▶ [Supplied data]:

=== Section Start ===

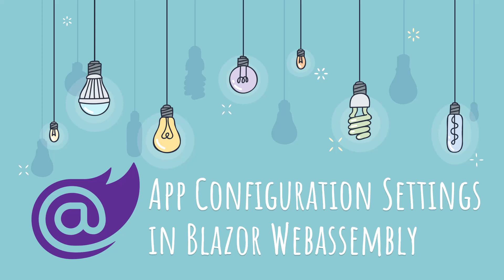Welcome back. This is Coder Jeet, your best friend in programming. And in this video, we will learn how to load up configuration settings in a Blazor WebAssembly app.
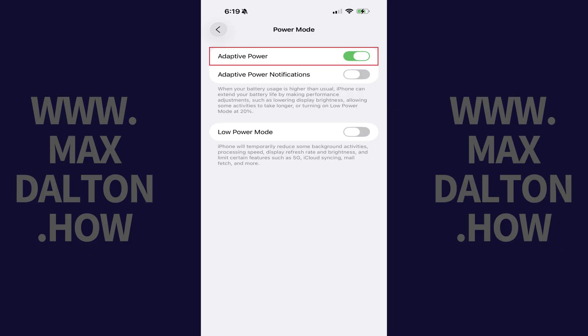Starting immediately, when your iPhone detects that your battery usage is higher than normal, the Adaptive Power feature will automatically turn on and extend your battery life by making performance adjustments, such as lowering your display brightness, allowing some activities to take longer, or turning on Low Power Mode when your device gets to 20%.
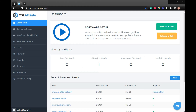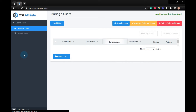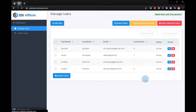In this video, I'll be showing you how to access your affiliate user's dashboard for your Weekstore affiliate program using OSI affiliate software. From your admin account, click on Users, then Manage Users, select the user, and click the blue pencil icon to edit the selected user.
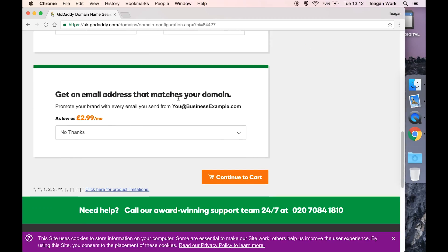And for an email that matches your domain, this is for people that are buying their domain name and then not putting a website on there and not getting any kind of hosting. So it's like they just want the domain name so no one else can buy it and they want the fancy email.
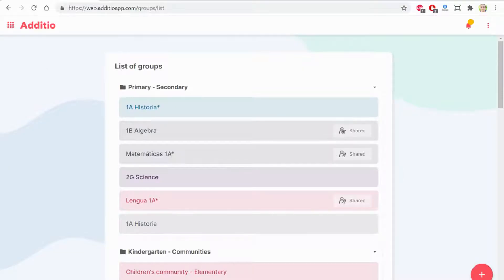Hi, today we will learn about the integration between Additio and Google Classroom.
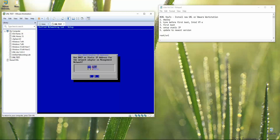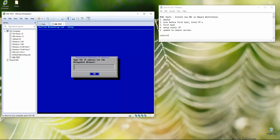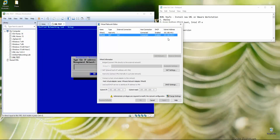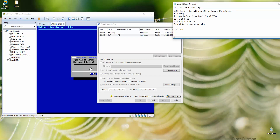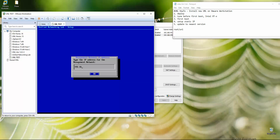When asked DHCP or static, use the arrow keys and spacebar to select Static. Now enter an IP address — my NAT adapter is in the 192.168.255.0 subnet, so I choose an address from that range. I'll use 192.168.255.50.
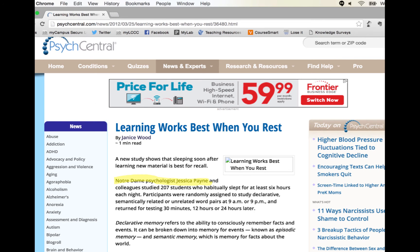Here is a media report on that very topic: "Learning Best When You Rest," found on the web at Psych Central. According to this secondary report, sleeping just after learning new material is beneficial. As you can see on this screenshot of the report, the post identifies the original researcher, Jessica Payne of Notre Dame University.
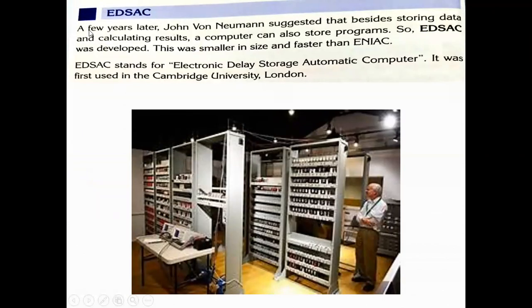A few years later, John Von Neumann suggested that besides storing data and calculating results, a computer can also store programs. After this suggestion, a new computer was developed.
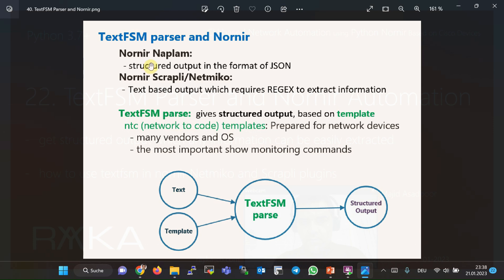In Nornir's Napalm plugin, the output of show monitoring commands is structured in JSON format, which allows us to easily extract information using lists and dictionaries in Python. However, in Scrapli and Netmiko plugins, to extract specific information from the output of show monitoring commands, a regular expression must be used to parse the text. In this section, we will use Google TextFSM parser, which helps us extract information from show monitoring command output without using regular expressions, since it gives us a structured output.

=== Section End ===

▶ [Assignment]: Would you please reproduce verbatim the run of lines that opens the listing and ends with the line holding "Here is a media", and only that run, leaving every picture out?

▶ [Answer to this task]:
Welcome back. This is Coder Jeet, your best friend in programming. And in this video, we will learn how to load up configuration settings in a Blazor WebAssembly app.
Starting immediately, when your iPhone detects that your battery usage is higher than normal, the Adaptive Power feature will automatically turn on and extend your battery life by making performance adjustments, such as lowering your display brightness, allowing some activities to take longer, or turning on Low Power Mode when your device gets to 20%.
In this video, I'll be showing you how to access your affiliate user's dashboard for your Weekstore affiliate program using OSI affiliate software. From your admin account, click on Users, then Manage Users, select the user, and click the blue pencil icon to edit the selected user.
And for an email that matches your domain, this is for people that are buying their domain name and then not putting a website on there and not getting any kind of hosting. So it's like they just want the domain name so no one else can buy it and they want the fancy email.
Hi, today we will learn about the integration between Additio and Google Classroom.
When asked DHCP or static, use the arrow keys and spacebar to select Static. Now enter an IP address — my NAT adapter is in the 192.168.255.0 subnet, so I choose an address from that range. I'll use 192.168.255.50.
Here is a media report on that very topic: "Learning Best When You Rest," found on the web at Psych Central. According to this secondary report, sleeping just after learning new material is beneficial. As you can see on this screenshot of the report, the post identifies the original researcher, Jessica Payne of Notre Dame University.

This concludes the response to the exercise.